EduRiskDB: A Student Learning and Dropout-Risk Database for Explainable Educational Analytics
Main article
Abstract
Predicting student dropout before it occurs requires not just predictive models but purpose-built, ethically governed data infrastructure that integrates learning-platform clickstreams, assessment outcomes, assignment submission patterns, forum engagement, attendance records, and student support interactions. This paper introduces EduRiskDB, a relational-graph-vector hybrid database containing 148,392 student-term records drawn from four European higher-education institutions over six academic years (2017–2023).
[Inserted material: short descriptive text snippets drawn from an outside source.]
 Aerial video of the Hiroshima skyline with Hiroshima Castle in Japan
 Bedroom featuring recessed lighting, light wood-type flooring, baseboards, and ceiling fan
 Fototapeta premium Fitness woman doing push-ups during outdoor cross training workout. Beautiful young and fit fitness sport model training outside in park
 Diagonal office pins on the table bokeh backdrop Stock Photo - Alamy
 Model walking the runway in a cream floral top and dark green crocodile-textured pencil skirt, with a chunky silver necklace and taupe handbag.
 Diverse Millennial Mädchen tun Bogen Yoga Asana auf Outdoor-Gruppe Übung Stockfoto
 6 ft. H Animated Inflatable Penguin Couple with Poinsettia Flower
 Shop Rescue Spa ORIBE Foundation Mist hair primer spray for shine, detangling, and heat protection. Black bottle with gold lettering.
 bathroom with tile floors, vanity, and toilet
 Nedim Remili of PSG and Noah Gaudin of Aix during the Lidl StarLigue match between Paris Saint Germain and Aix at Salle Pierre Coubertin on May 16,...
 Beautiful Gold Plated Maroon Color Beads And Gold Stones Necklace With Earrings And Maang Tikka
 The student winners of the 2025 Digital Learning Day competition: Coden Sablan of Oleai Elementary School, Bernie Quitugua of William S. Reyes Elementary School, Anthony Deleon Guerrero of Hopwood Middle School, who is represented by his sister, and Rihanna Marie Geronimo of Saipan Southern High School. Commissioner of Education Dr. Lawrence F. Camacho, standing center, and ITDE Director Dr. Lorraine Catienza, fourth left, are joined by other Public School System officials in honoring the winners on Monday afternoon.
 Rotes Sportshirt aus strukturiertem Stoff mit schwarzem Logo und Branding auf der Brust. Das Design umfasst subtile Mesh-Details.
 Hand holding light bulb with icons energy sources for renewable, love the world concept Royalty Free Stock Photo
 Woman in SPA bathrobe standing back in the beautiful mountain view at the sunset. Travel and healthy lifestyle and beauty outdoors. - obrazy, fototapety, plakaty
EduRiskDB is designed for reproducible experimentation in dropout-risk modelling and explainable educational analytics. The database schema, field dictionary, indexing strategy, data-quality controls, ethics-compliance pipeline, and open-access interfaces are described in detail. A benchmark experiment evaluates six dropout-prediction models on EduRiskDB, demonstrating that the augmented XGBoost configuration achieves an AUC-ROC of 0.903 with a mean early-warning lead time of 7.8 weeks, outperforming all baselines. SHAP attribution identifies cumulative click sequences, seven-day assignment lag, and attendance streaks as the three most predictive signals, with non-linear interactions confirmed by dependence plots. EduRiskDB is archived on Zenodo under a CC BY 4.0 licence and updated semi-annually.